Monday, February 27, 2017

Half Day Morning

Write optimization refers to a set of techniques used to improve the performance of databases and file systems. Examples of write optimized data structures include Log-Structured Merge trees (LSMs) and Bε-trees. Systems that use such data structures include BetrFS, HBase, LevelDB, TableFS, TokuMX, TokuDB, etc.

This tutorial reviews write-optimization from the perspective of the analysis and engineering. We provide a framework for understanding which data structure will perform well on which workloads.

M2 Understanding Large-Scale Storage Systems
Updated!
Brent Welch, Google
9:00 am12:30 pm

This tutorial is oriented toward administrators and developers who manage and use large-scale storage systems. An important goal of the tutorial is to give the audience the foundation for effectively comparing different storage system options, as well as a better understanding of the systems they already have.

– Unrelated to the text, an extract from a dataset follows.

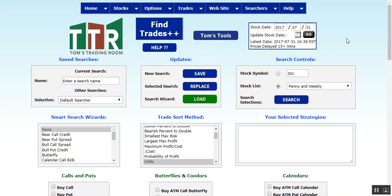This video originated because a student emailed in to support asking if he or she could create a list finding options that had a delta between 60 and 80 and a cost between $50 and $100. I want to encourage you all — if you have search criteria and want to know if the tools have the capabilities to search on that criteria, email in and we'll email you back how to do it. Every once in a while that type of dialogue will end up in a training video like this one.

Cluster-based parallel storage technologies are used to manage millions of files, thousands of concurrent jobs, and performance that scales from 10s to 100s of GB/sec. This tutorial will examine current state-of-the-art high-performance file systems and the underlying technologies employed to deliver scalable performance across a range of scientific and industrial applications.

The tutorial starts with a look at storage devices and SSDs in particular, which are growing in importance in all storage systems. Next we look at how a file system is put together, comparing and contrasting SAN file systems, scale-out NAS, object-based parallel file systems, and cloud-based storage systems.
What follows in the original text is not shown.